**DATA LISTING**

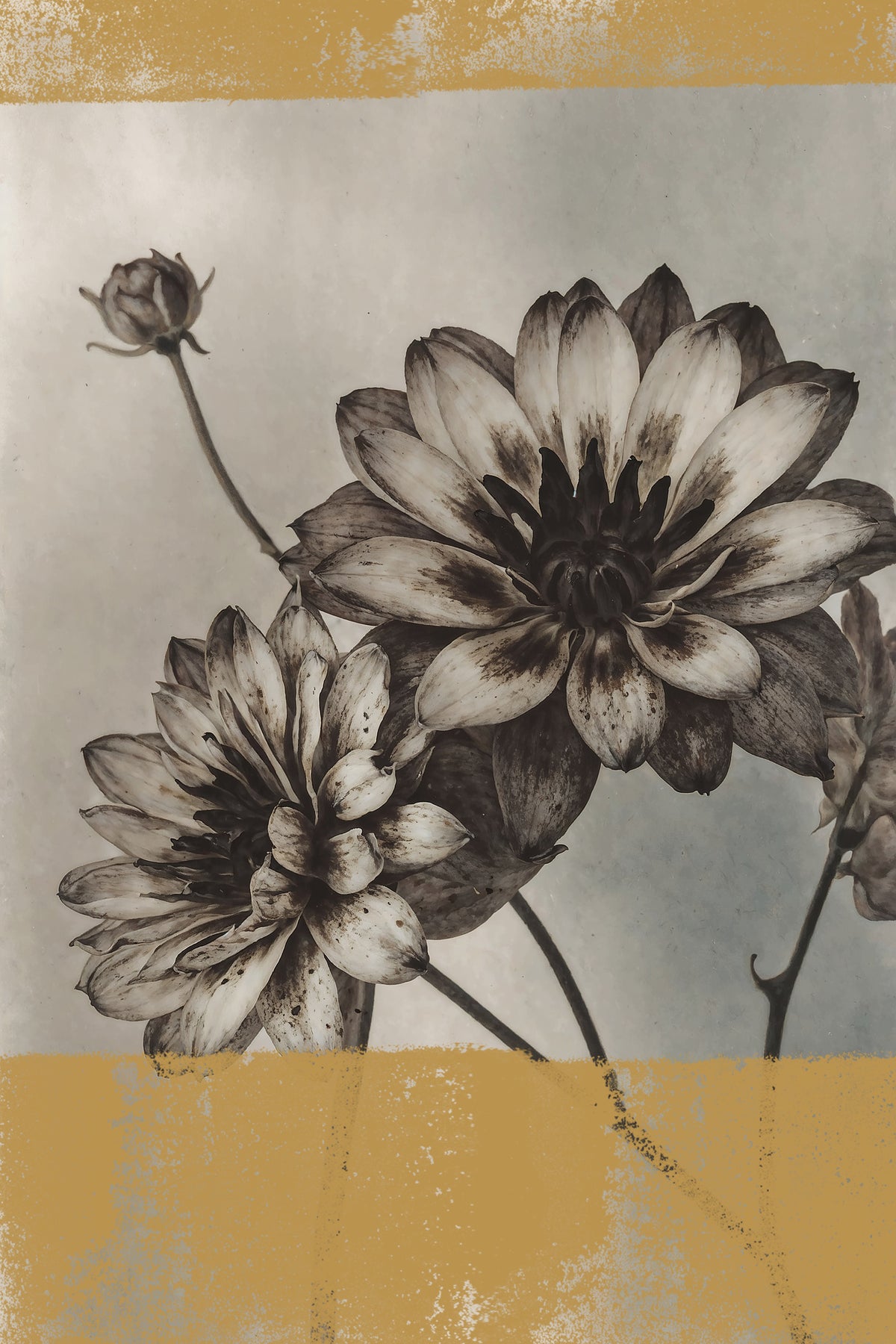 aluminium-print-vintage-flowers-no6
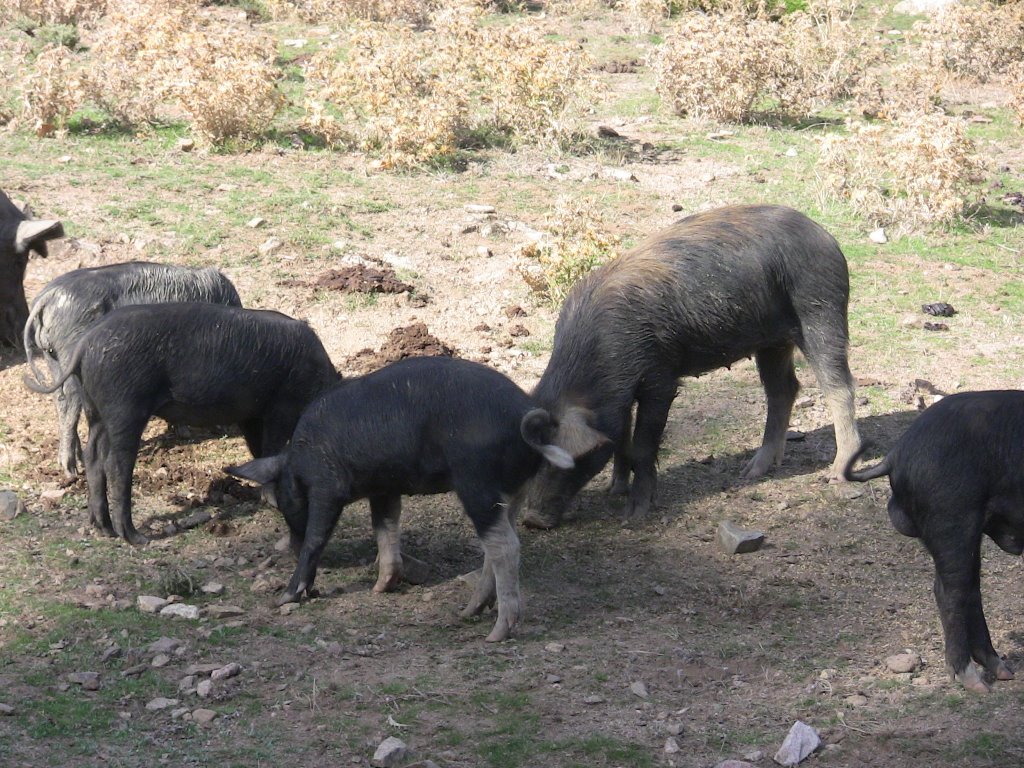 Cochon sauvage by charly et christine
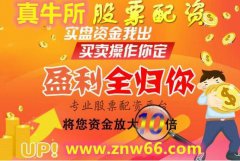 3ƴƱʹ˾ţƱʹڳƽ̨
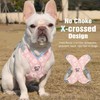 Pawaboo Small Dog Harness and Leash Set, Puppy Harness X-Frame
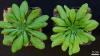 Erscheinungspflanzen zweier Arabidopsis-Pflanzen. Ausführliche Bildunterschrift siehe Ende des Meldungstextes.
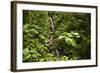 Waterfall at Arenal Hanging Bridges Where the Rainforest Is Accessible Via Walkways-Rob Francis-Framed Photographic Print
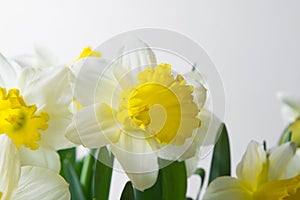 Narcissus - spring yellow-white flower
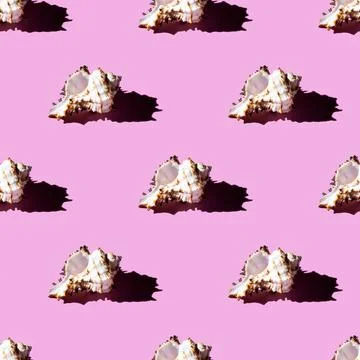 Seamless pattern of clam shells on a pastel background. Stock Photos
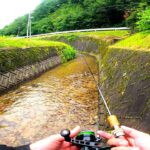 【渓流ルアー】小さい川で、大きい魚が釣れました。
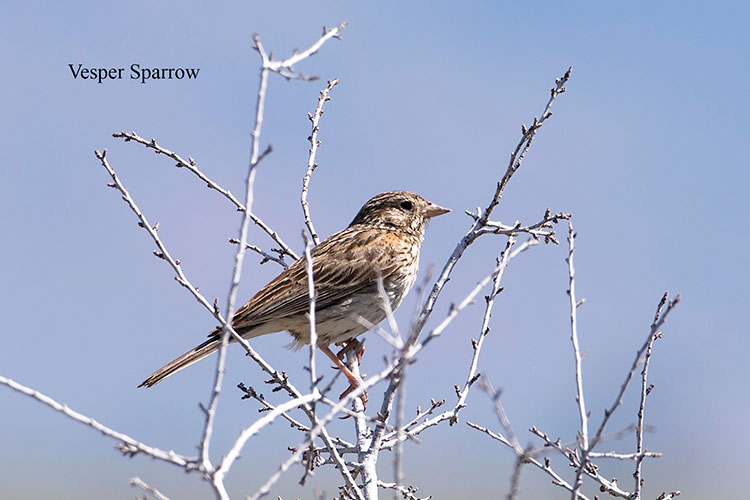 Vesper Sparrow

**ASSIGNMENT**
Restate each line of the material word for word, skipping any picture.

**SOLUTION FOR THIS PROBLEM**
 aluminium-print-vintage-flowers-no6
 Cochon sauvage by charly et christine
 3ƴƱʹ˾ţƱʹڳƽ̨
 Pawaboo Small Dog Harness and Leash Set, Puppy Harness X-Frame
 Erscheinungspflanzen zweier Arabidopsis-Pflanzen. Ausführliche Bildunterschrift siehe Ende des Meldungstextes.
 Waterfall at Arenal Hanging Bridges Where the Rainforest Is Accessible Via Walkways-Rob Francis-Framed Photographic Print
 Narcissus - spring yellow-white flower
 Seamless pattern of clam shells on a pastel background. Stock Photos
 【渓流ルアー】小さい川で、大きい魚が釣れました。
 Vesper Sparrow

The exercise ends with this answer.